You made motherhood look easy, yet I struggle.  I struggle to come to terms with knowing I can do no more than my best, and never knowing if my best will truly be what is best.

And then, I see him, my son...a tall figure in the distance.  As he moves closer I note his grin, and it gets bigger the closer he comes.  He moves towards me, towering over me, my boy, now already a man, and as he smiles so do I.  His hug wraps me in everything I want, everything I need.  And I hope, oh how I hope, it's all he wants and needs too---my love, my hope, my achievement, my success, my happiness---all wrapped up in one hug, in one boy...

and yet, I have two...one smaller, once younger, one completely opposite from the other in character and drive and desire...yet both so important, so fulfilling, so very mine...

I am mama.

And no matter what else comes and goes in life, whatever good or bad happens, nothing can take that away from me.

 You made motherhood look easy.  I learned it from the very best there is.  I hope my children feel the same when they are forty years old, looking back upon their life.  I hope I made it look easy, that they know, without a doubt, that my best truly was the very best.

Happy Mother's Day Mom.  And thank you.

5.08.2012

Freedom

Freedom.  I felt it.  My mind was empty of all worries and my soul felt like it could fly.  Freedom.  I could taste it.  I could feel it.  I was alive.

Such a simple thing we too often take for granted.  Hop in the car and run get groceries or run to the bank or, oh yeah, i forgot to get salt...hup, in the car, turn the key and seconds later you have what you need.  Driving brings with it freedom and simplicity.  Everything is easy when it takes no effort to achieve, which having a car affords us.

I miss driving.  I mean, I sincerely miss it.  Whenever I used to feel down or discouraged or happy or high, I'd jump in my car, turn on some music depending on my mood, and drive...sometimes to my favorite quiet spot, sometimes shopping, sometimes just take whichever road I first passed.  It always made me feel good, driving, especially out on open Wyoming roads.

Since living in Europe, having a car has been a luxury in place of a necessity.  The first year I lived in Nederland, I had no vehicle.  I did have a bike and public transport, and came to rely upon both to get me where I needed to go.  When I was in active labor with Jari, we got our first car.  Erwin still took the train to work and I had use of the car, but still tended to bike or walk, especially with a newborn and stroller, it was easier to just walk.  But, still, the car was always at my beckoning call, and I was free to use it at my every whim.

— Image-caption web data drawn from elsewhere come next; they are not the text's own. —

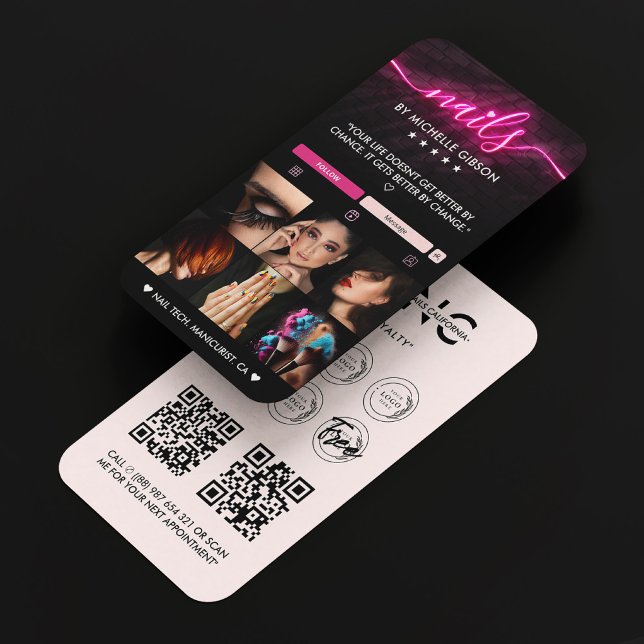 Tarjeta De Visita Logotipo Manicurista Nail Tech Pink Elegant Loyalt (Manicurist Nail Tech Pink Elegant Loyalty logo)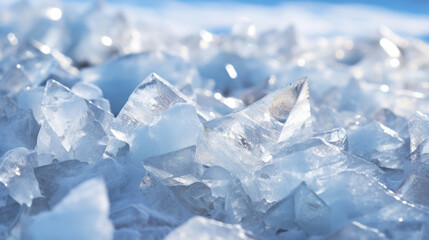 Frosted chunks of ice glimmering in the sunlight during a blizzard.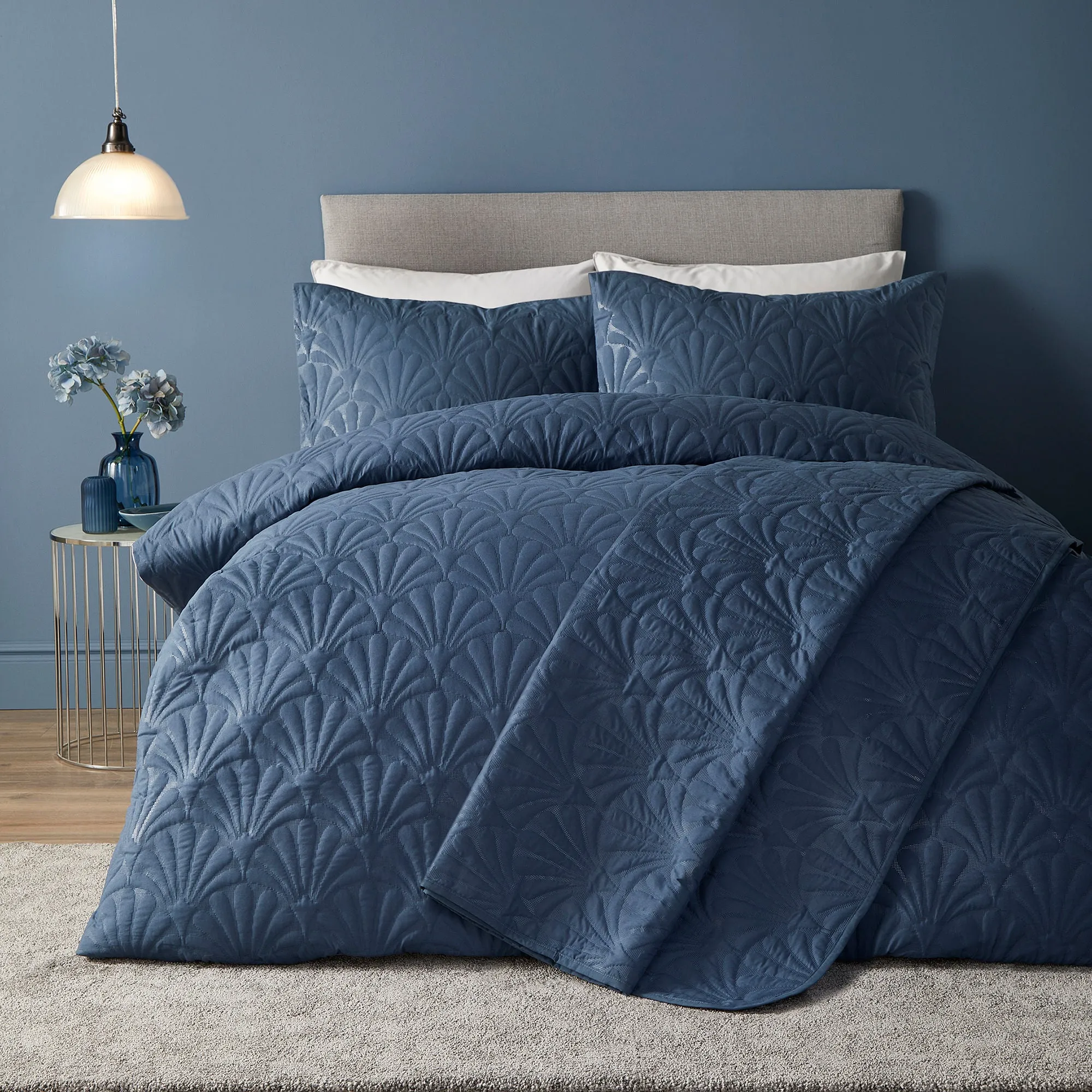 Cavali Bedspread by Serene in Dark Blue 200cm X 230cm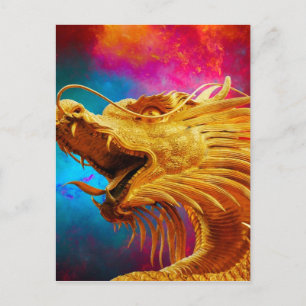Cool Golden Dragon colourful Thailand background Postcard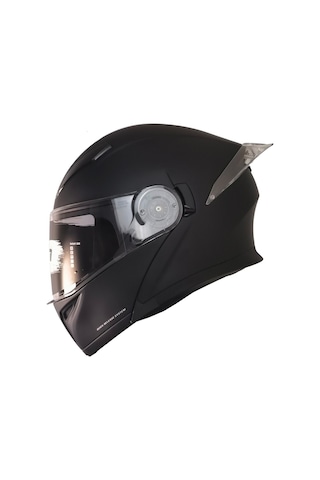 Motosiklet Çene Açılır Kask Ece 22.06 Güvenlik Sertifikalı Güneş Vizörlü Motor Kaskı Mat Black Siyah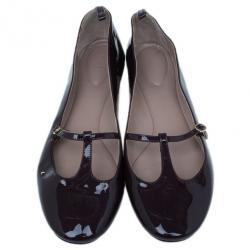 Pre Owned Chloe Burgundy Patent Leather Mary Jane Ballet Flats Size 38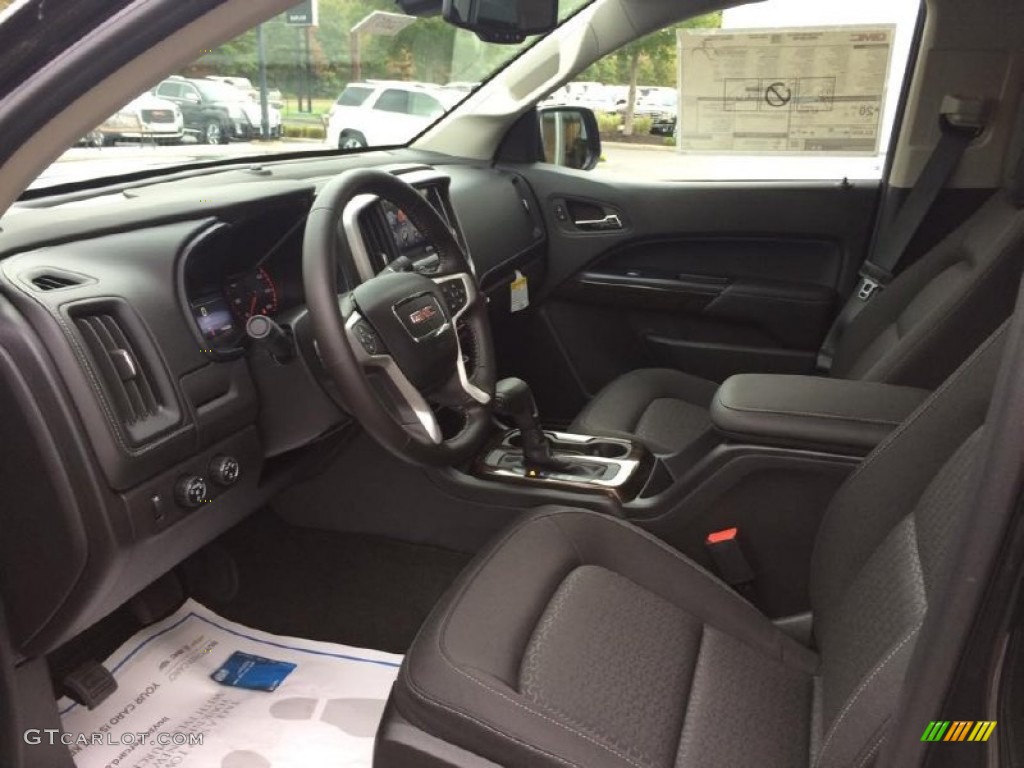 Jet Black Interior 2015 GMC Canyon SLE Crew Cab 4x4 Photo #98146514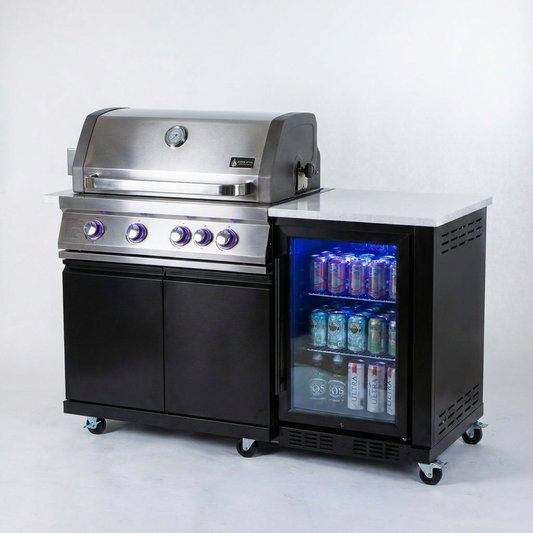 Outdoor Kitchen Island Built for Premium Grilling, 70" Black Stainless Steel, 4-Burner BBQ, Built-In Refrigerator — Studio Shot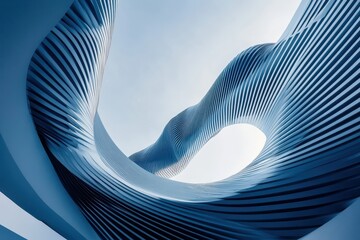 Poster - Architectural marvel twists upward against a bright, expansive sky in a stunning blend of blue and white hues. Generative AI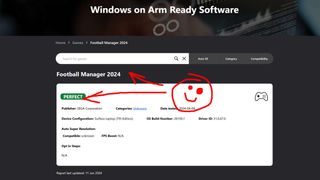 Football Manager 2024 listing on the Works on Windows on Arm site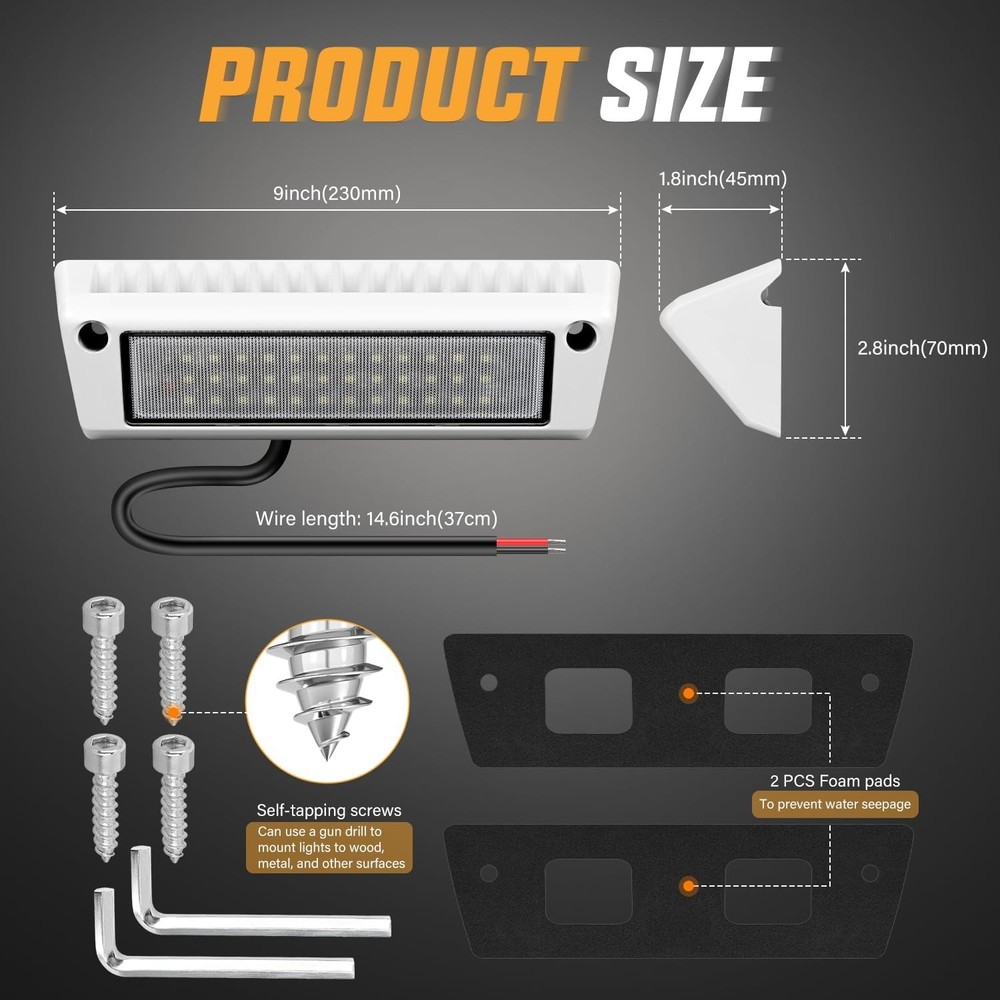 Nilight RV Exterior Light 2PCS 9 Inch Porch Lights Flood Beam 12V 24V LED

When we moved to Belgium, the car came with us.  Erwin's transportation became a bus service which left at the ungodly hour of 5:30am, but he was always home early.  I still had the car, and it became useful for me as I explored our new home, Belgium, Limburg, as well as keeping in touch with old friends in Holland.  In our corner of Belgium, public transport is present (busses, no train), and it's round the clock available, but getting places is almost a chore.  In what would be a 20 minute drive, it takes me  more than an hour by bus.  Just saying...

But back then, I still had the car and was still free to come and go as needed, though I still used my bike for the short distance trips, as I came to discover biking is 1) enjoyable  2) fast  3)  gives no parking headache  4) cheaper  and 5)  healthy.  But on those gray and rainy Belgian days (many)  I could still turn the key and come out on the other side safe and dry.

And then, Erwin's bus service quit running.  He needed the car for work, to provide for our family.  It was a necessity for him, and my luxury was stripped from me.  In the blink of an eye, my freedom was gone.  Having a car is freedom, and nobody can tell me differently.  Hop on a bike and feel the wind on your face, yes, it too is freedom, but limited....

And so, I have become a passenger in life where I used to be a driver.   I no longer have transportation to allow me freedom, which I have had since my 16th birthday...

and I have felt crippled without a car.

And Saturday, I had the car, I had the music, I had my two boy passengers and I had freedom.  And boy, did it feel good.